> BRIEF
Retype, word for word, the line holding "Fun Unique QR" and each line after it down to the end of the data; pictures are not copied.

> SUPPLIED DATA
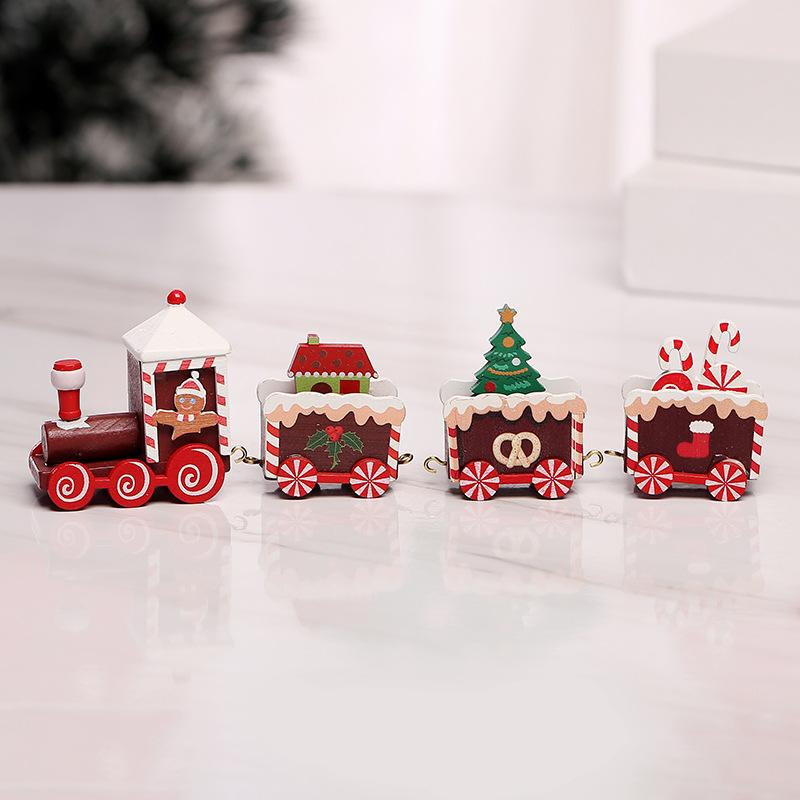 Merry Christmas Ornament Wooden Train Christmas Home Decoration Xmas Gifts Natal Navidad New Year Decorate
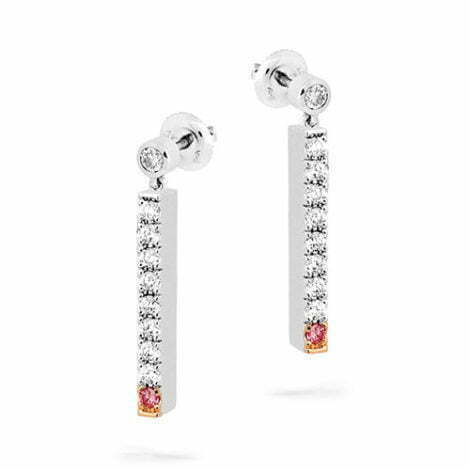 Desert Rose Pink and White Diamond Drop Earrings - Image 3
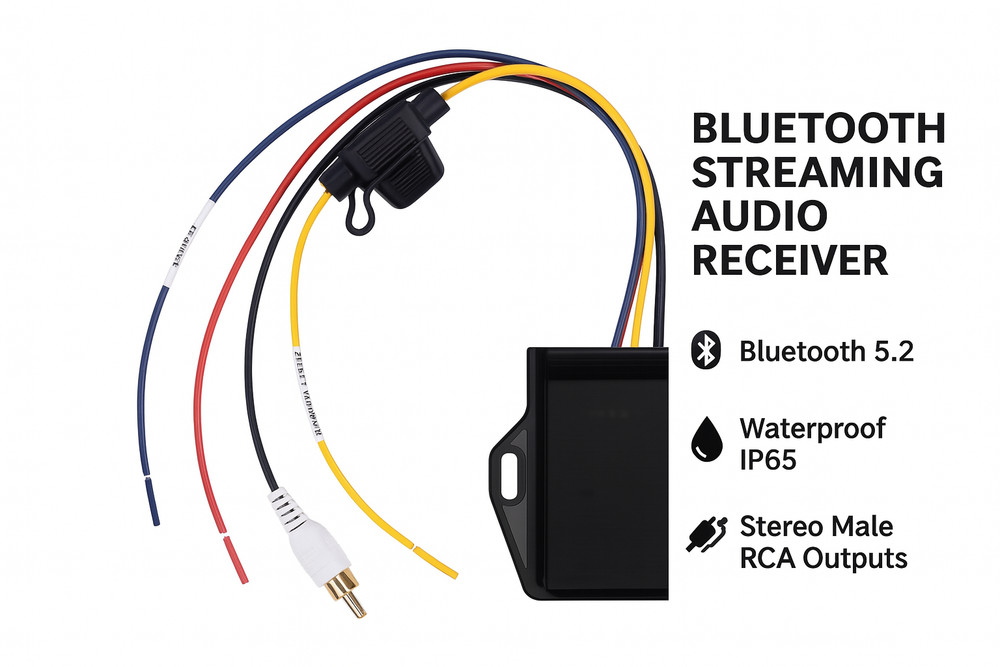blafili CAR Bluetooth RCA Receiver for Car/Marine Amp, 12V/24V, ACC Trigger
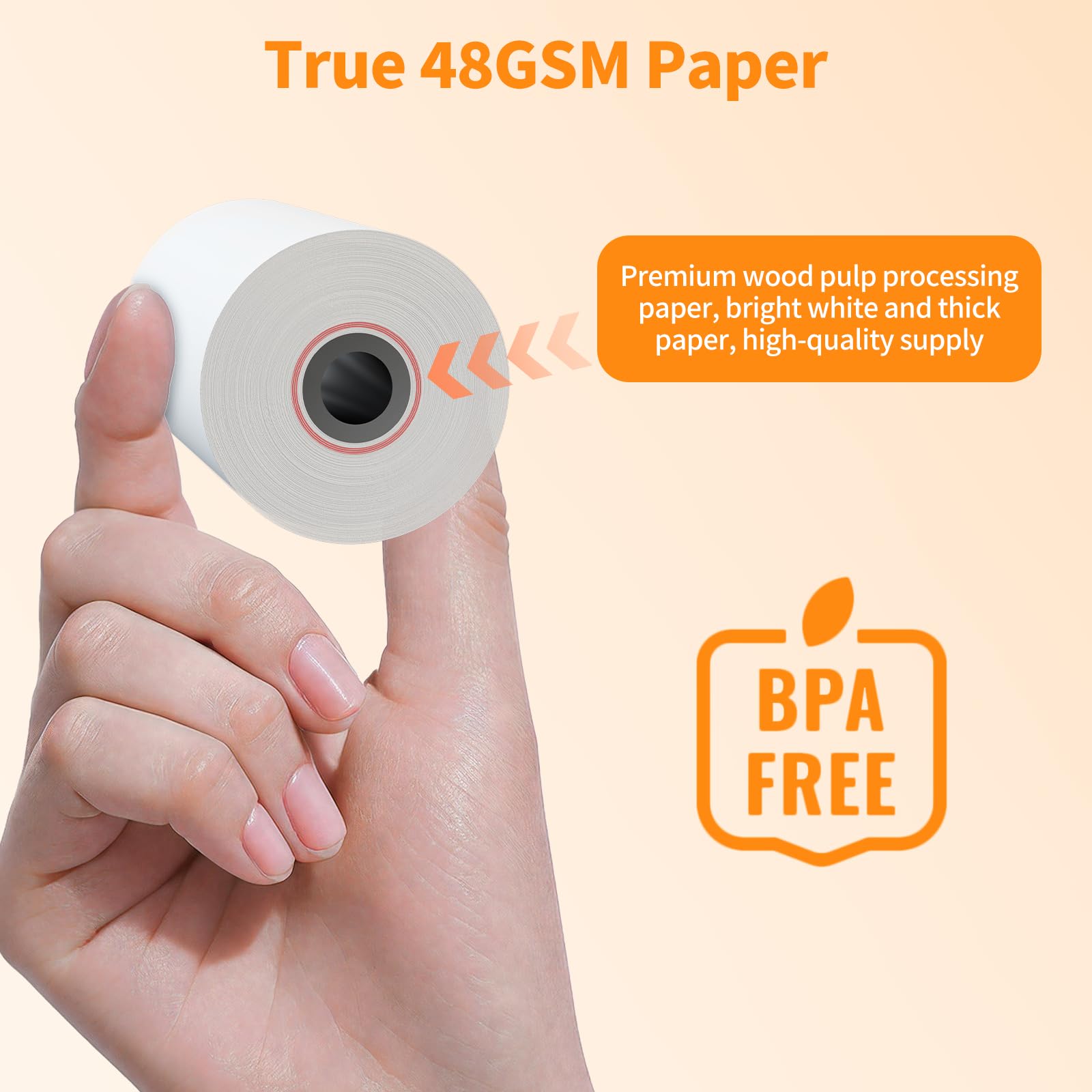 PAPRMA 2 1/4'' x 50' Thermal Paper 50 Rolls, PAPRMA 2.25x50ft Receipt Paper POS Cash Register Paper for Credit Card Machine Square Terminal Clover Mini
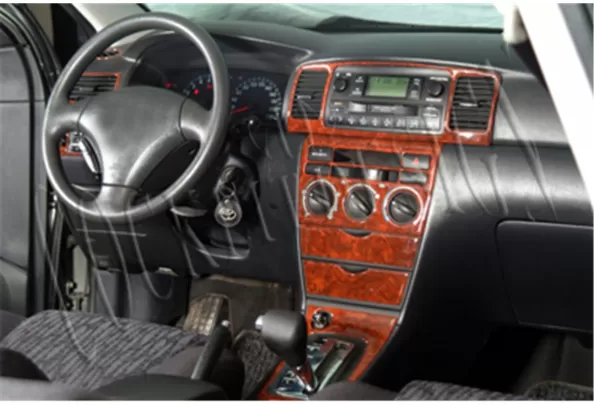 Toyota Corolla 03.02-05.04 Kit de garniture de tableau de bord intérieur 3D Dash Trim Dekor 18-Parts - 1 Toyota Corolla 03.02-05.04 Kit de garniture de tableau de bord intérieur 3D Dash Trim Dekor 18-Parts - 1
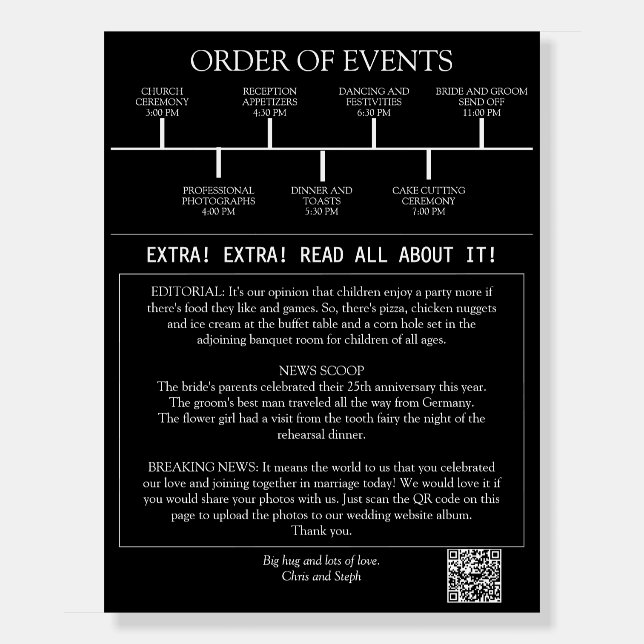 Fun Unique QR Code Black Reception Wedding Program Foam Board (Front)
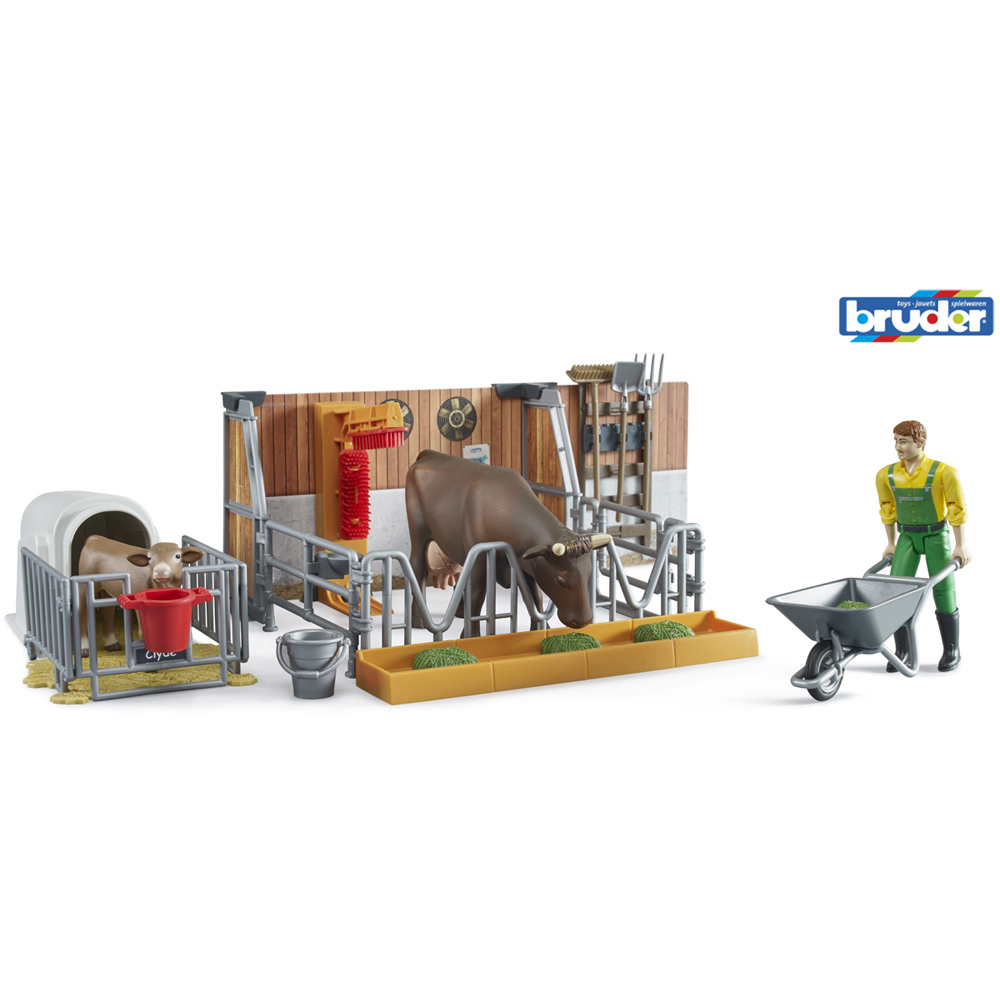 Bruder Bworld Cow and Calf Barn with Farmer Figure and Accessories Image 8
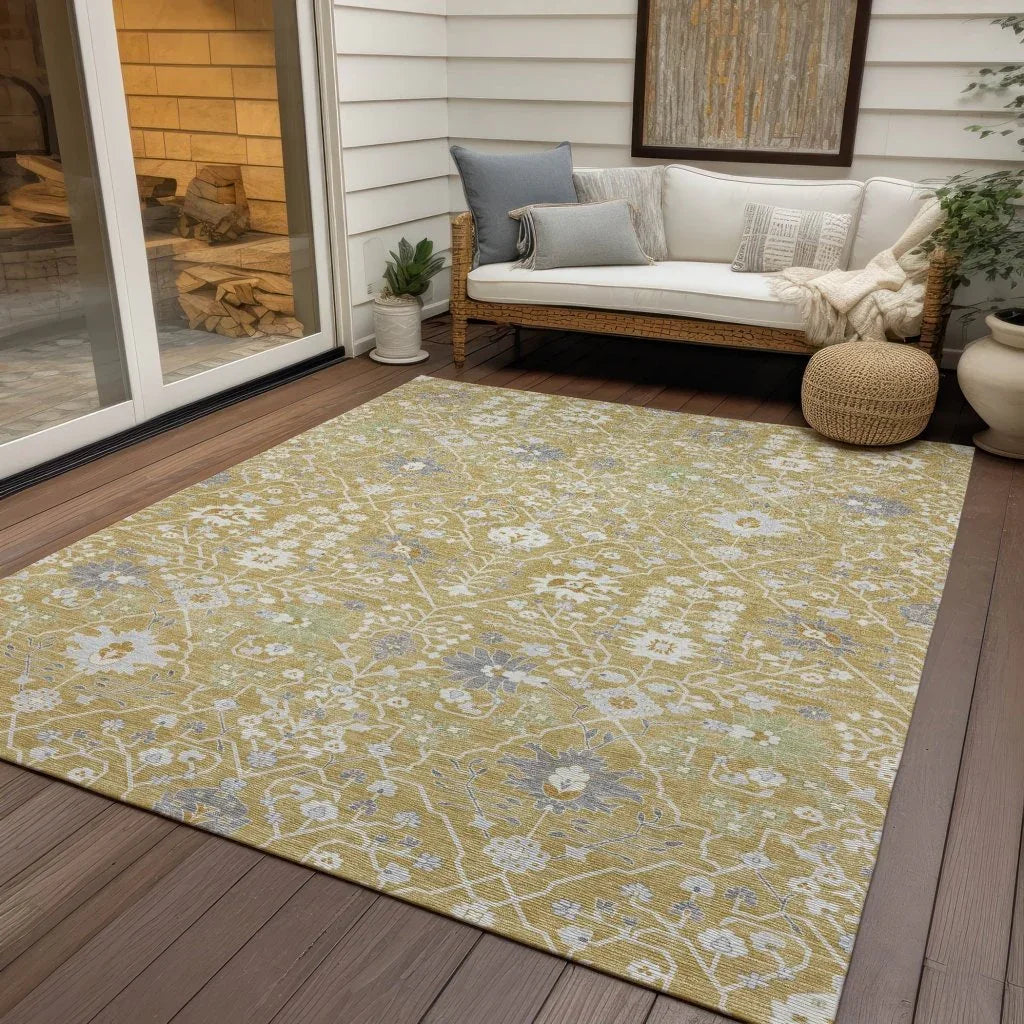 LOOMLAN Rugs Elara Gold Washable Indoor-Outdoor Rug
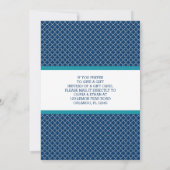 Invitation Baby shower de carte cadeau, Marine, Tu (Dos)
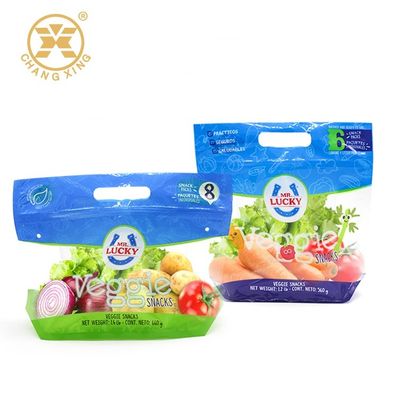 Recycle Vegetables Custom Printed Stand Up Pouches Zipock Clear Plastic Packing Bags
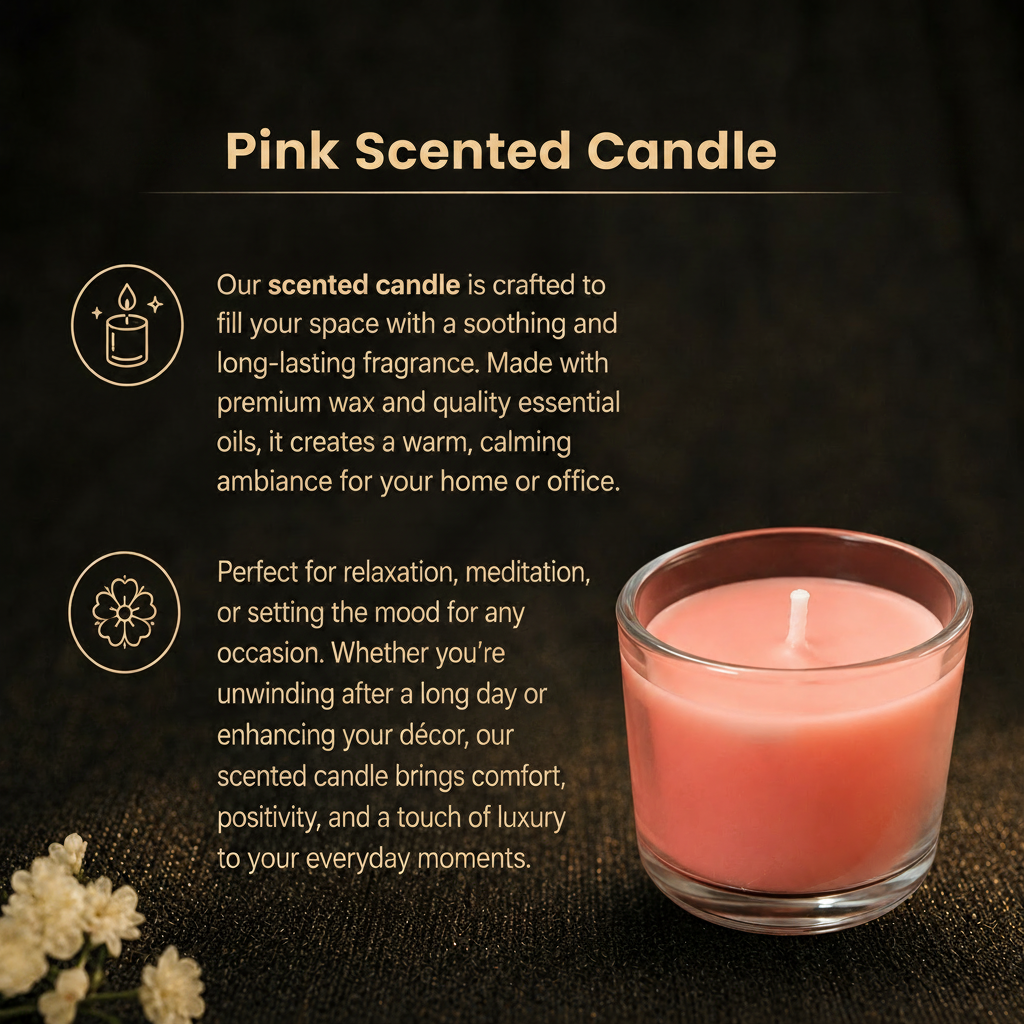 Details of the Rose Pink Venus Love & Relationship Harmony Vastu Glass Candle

> EXERCISE RESPONSE
 Fun Unique QR Code Black Reception Wedding Program Foam Board (Front)
 Bruder Bworld Cow and Calf Barn with Farmer Figure and Accessories Image 8
 LOOMLAN Rugs Elara Gold Washable Indoor-Outdoor Rug
 Invitation Baby shower de carte cadeau, Marine, Tu (Dos)
 Recycle Vegetables Custom Printed Stand Up Pouches Zipock Clear Plastic Packing Bags
 Details of the Rose Pink Venus Love & Relationship Harmony Vastu Glass Candle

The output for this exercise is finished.